For more than twenty years, colleges have been responding to the public and private demand for highly qualified people with solid-subject matter expertise and technological abilities by expanding the size and expertise of faculty in STEM fields, creating strong STEM-based academic pathways, and investing in ultra modern engineering, maker spaces, hands-on lab facilities, and technology learning centers. Here are two of note:
Seattle University’s Sinegal Center for Science and Engineering
University of Wisconsin, Madison New Makerspace
Now, more students are applying to STEM and STEM-related fields and these majors and programs are increasingly more selective. Competition has increased for spaces in engineering, computer science, and business programs, and colleges are responding by developing new interdisciplinary majors. College admissions teams are also directly calling on students to look to the social sciences and humanities recognizing that we need all kinds of minds and subject matter expertise to work together.

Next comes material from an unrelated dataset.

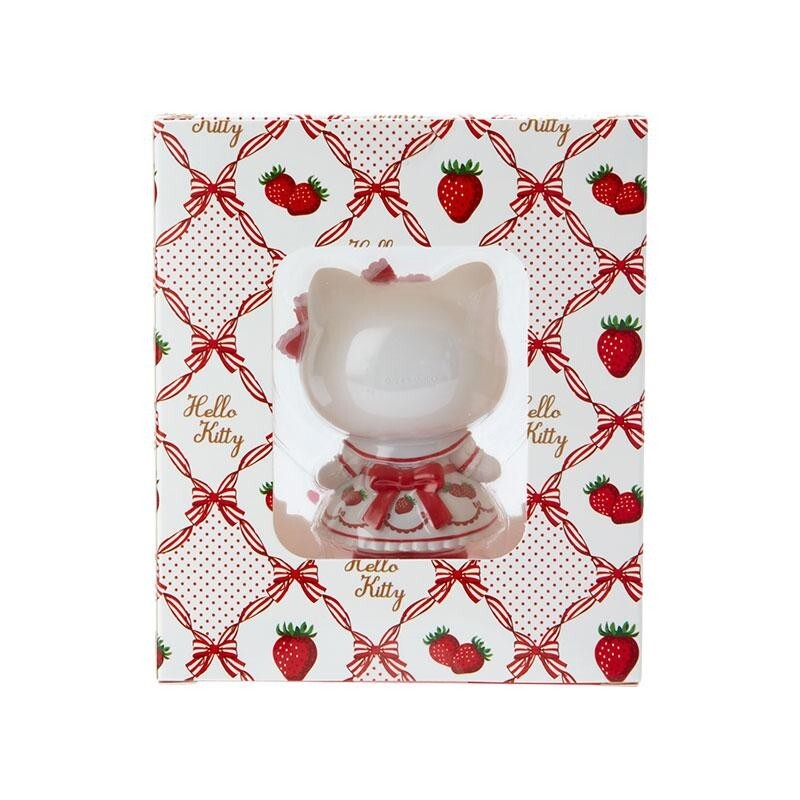 Sanrio Hello Kitty Fraise Pot De Fleurs De 5 Pouces Avec Succulent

I was thrilled to listen to a podcast of Kelly Corrigan interviewing Dr. Manuel Vargas, a philosophy professor at UCSD about the value of studying philosophy, and be able to relate it to my work with students. (For a quick listen, start at minute 17.) The two talk convincingly about how philosophy majors are not afraid to ask and attempt to answer big questions that analyze how we relate in community and seek to understand some of the world’s unsolved mysteries. Practice in using their brains to solve mind boggling challenges of ethics, the human mind, and the purpose of existence, philosophy students urgently seek truth about and further understanding of important principles, many that are still widely disagreed on. Vargas notes that the foundations of physics and mathematics began with questions posed and solved by philosophers.

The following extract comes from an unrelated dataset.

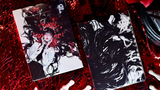 Crimson Maple Playing Cards by Evolkad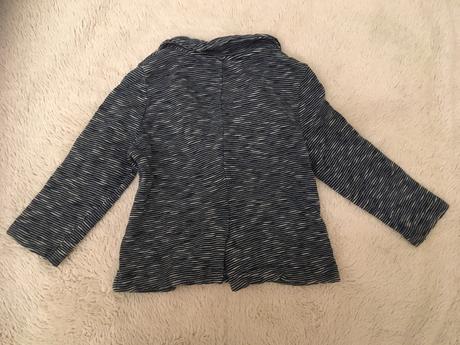 Ležérne sačko pre malého fešáka, zara,86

The message here is that we need experts in the STEM field, but we also need the social scientists and creative artists and thinkers from all kinds of disciplines to help us solve many of the big problems we face as a society. University programs are evolving to help students operate in interdisciplinary spaces with the benefits of cross pollination where new ideas are created and diversity of thought and experience promotes progress. Colleges are offering new majors, more opportunities for minors and certificates, and even study that begins on one campus and finishes on another. Here are a few interesting programs I’ve recently learned more about:
Massachusetts Institute of Technology – BSc. in Climate System Science and Engineering
Rochester Institute of Technology – BSc. Humanities, Computing, & Design
Allegheny College – Industrial Design in a Liberal Arts Setting
Colorado University, Boulder – Certificate in Engineering, Ethics, & Society (engineering and philosophy intertwined!)
What a student can choose to study can be more tailored and personalized than ever before, and I enjoy helping my students consider all the possibilities and open their minds to the unique programs that are being created in this current environment.